EXERCISE DESCRIPTION:
Return, word for word, every line starting at the line with "Gallery image thumbnail" and ending at the final line of the entries; skip the pictures.

DATASET RECORDS:
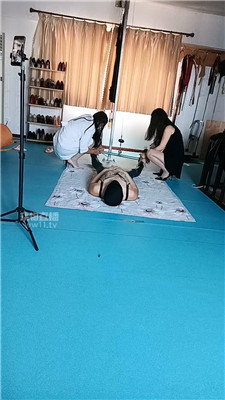 【青妍青云】4005+3450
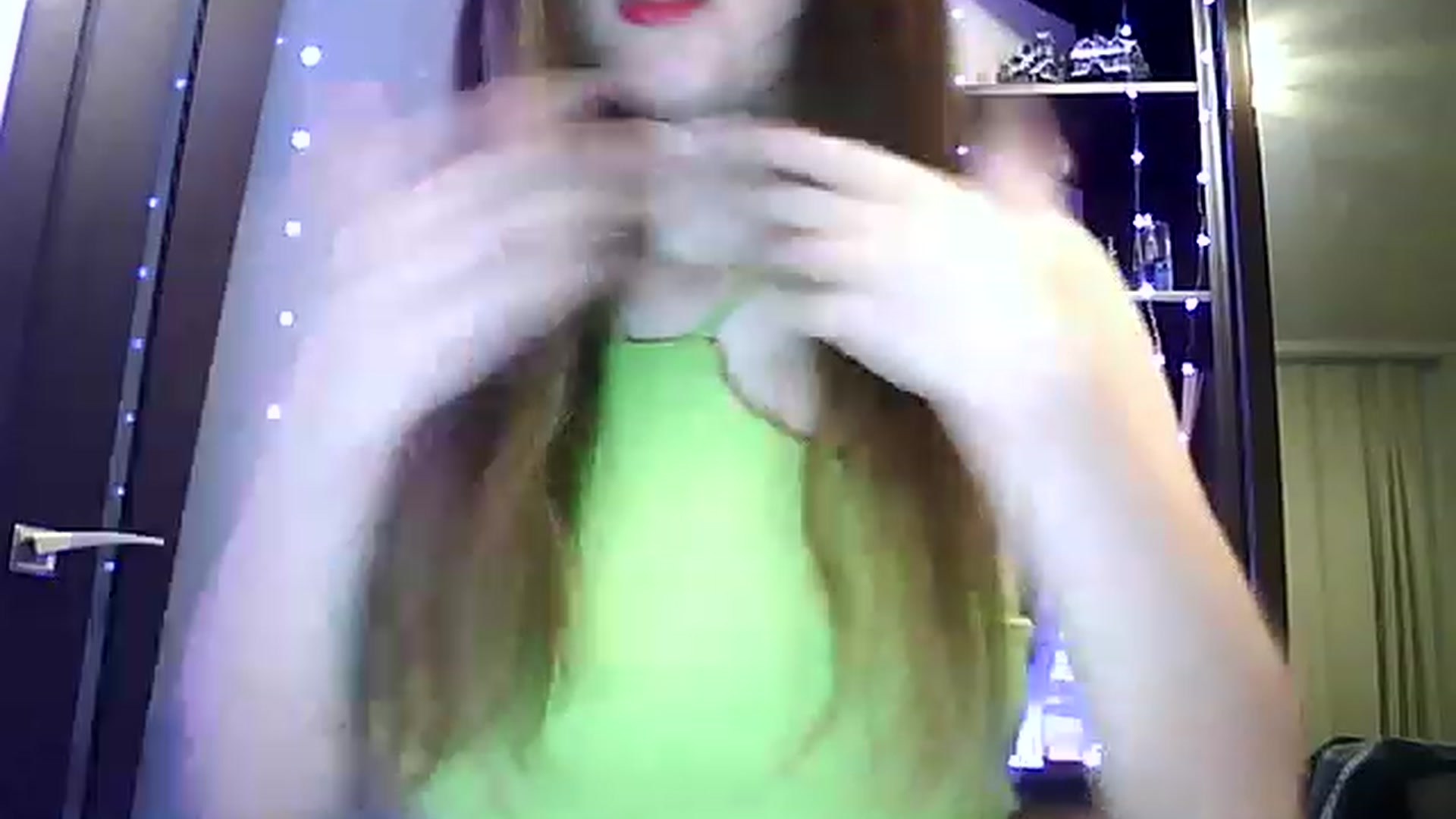 Gallery image thumbnail from Amana_Mizutty's myfreecams stream on, 07/16/2023, 21:03 image 8 of 20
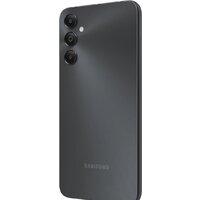Samsung Galaxy A05s SM-A057F/DS 4GB/64GB (черный) Image #7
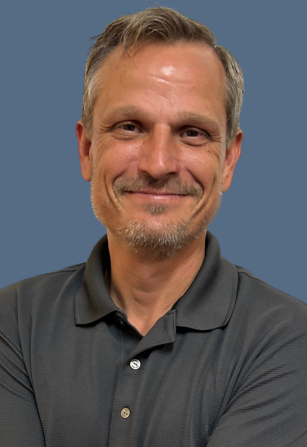 Andrew Dewey image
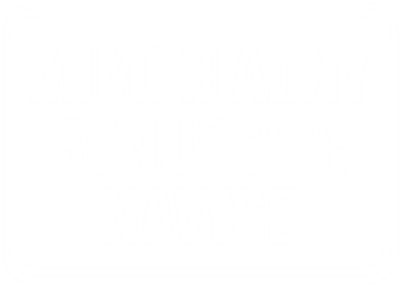 mimoriadny bonus pri investovani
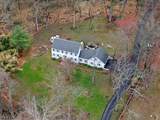 66 Grayrock Rd - Photo 45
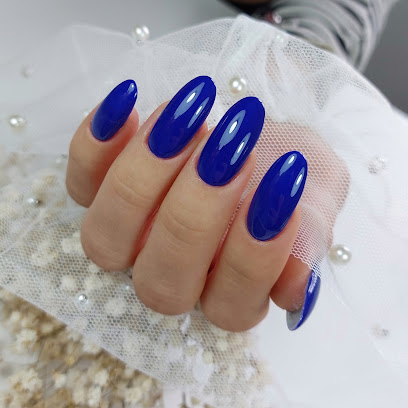 Natalia Nails Manucure à Chatou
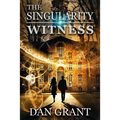 The Singularity Witness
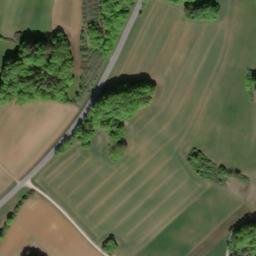 Satellite imagery of Mohrenhügel, DE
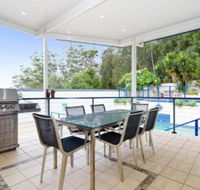 Kallaroo Street 3 Corlette - Click Find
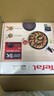 特福（Tefal）炒鍋不粘鍋家用炒菜鍋少油煙32cm炒鍋電磁爐燃?xì)庠钔ㄓ贸村?曬單實拍圖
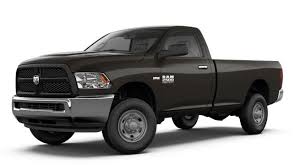 Image result for Stout Brown 2018 Dodge
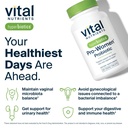 hyperbiotics-vital-nutrients-pro-women-p-6.jpg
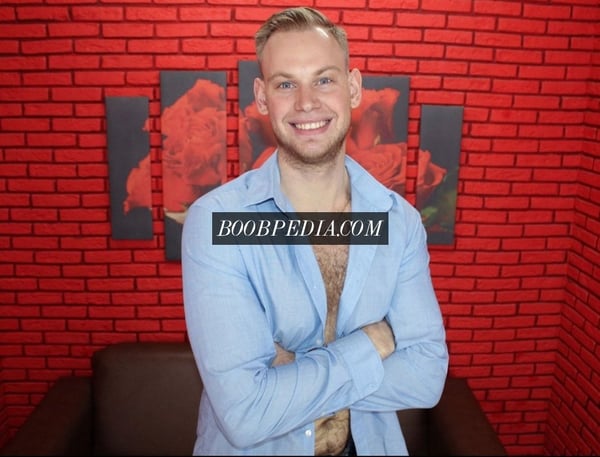 Sean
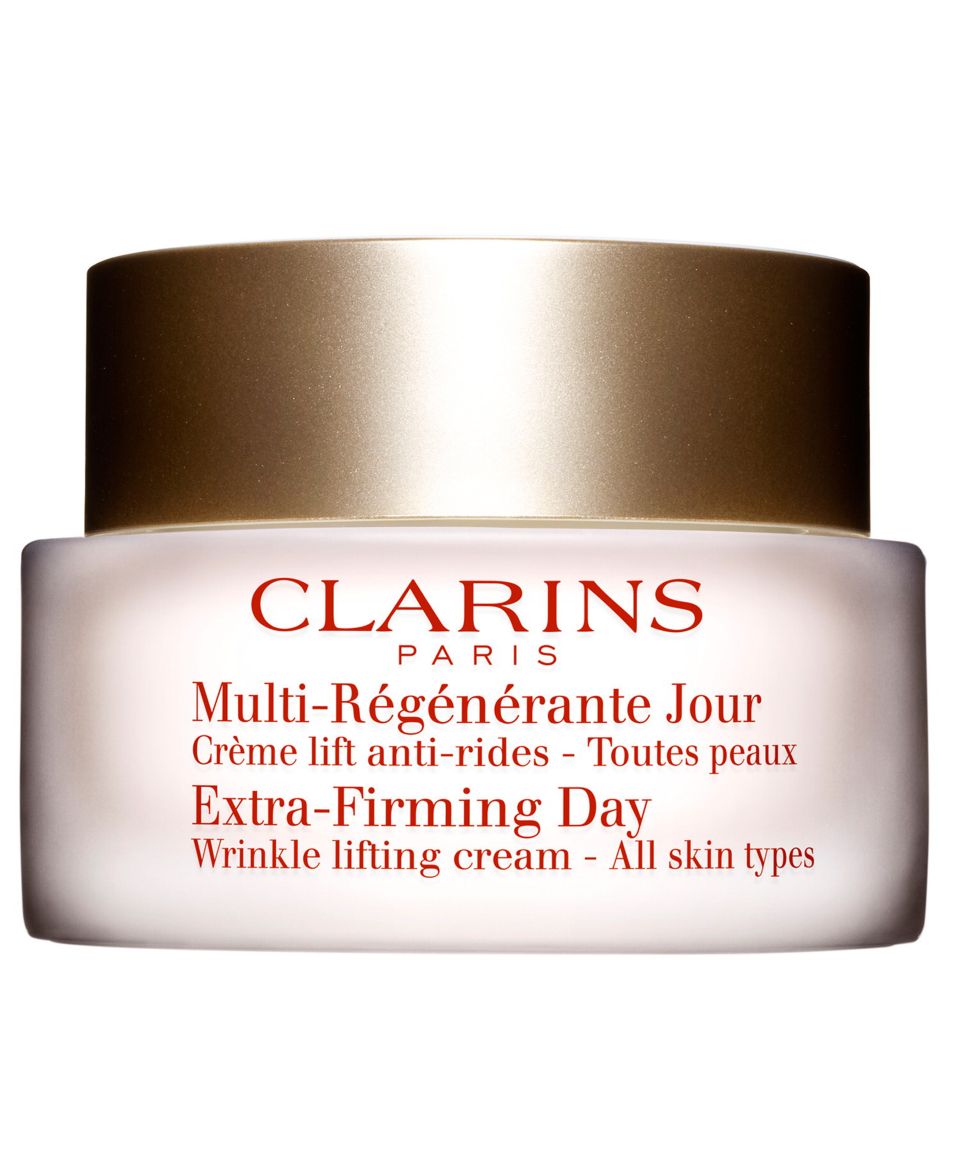 Clarins HydraQuench Intensive Bi Serum, 1 oz   Makeup   Beauty   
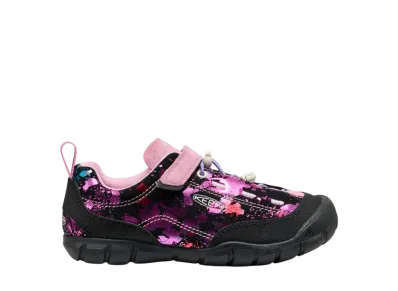 KEEN GS Jasper 2 "Blossom Bomb"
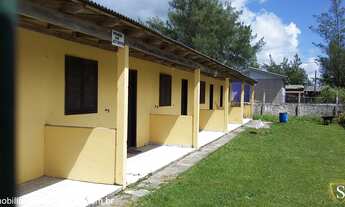 Imagem 4: Pousada com 8 Dormitorio(s) localizado(a) no bairro Costa do Sol em Cidreira / Rio Grande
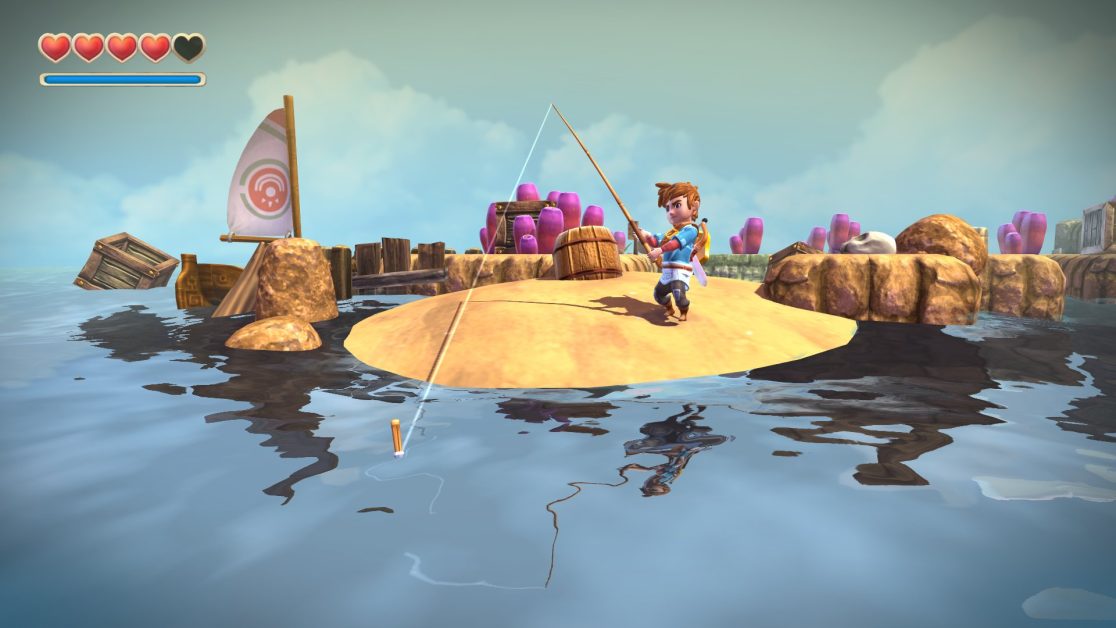 10 Best RPGs on iOS & Android (July 2026) – Gaming.net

WRITTEN SOLUTION:
 Gallery image thumbnail from Amana_Mizutty's myfreecams stream on, 07/16/2023, 21:03 image 8 of 20
Samsung Galaxy A05s SM-A057F/DS 4GB/64GB (черный) Image #7
 Andrew Dewey image
 mimoriadny bonus pri investovani
 66 Grayrock Rd - Photo 45
 Natalia Nails Manucure à Chatou
 The Singularity Witness
 Satellite imagery of Mohrenhügel, DE
 Kallaroo Street 3 Corlette - Click Find
 特福（Tefal）炒鍋不粘鍋家用炒菜鍋少油煙32cm炒鍋電磁爐燃?xì)庠钔ㄓ贸村?曬單實拍圖
 Image result for Stout Brown 2018 Dodge
 hyperbiotics-vital-nutrients-pro-women-p-6.jpg
 Sean
 Clarins HydraQuench Intensive Bi Serum, 1 oz   Makeup   Beauty   
 KEEN GS Jasper 2 "Blossom Bomb"
 Imagem 4: Pousada com 8 Dormitorio(s) localizado(a) no bairro Costa do Sol em Cidreira / Rio Grande
 10 Best RPGs on iOS & Android (July 2026) – Gaming.net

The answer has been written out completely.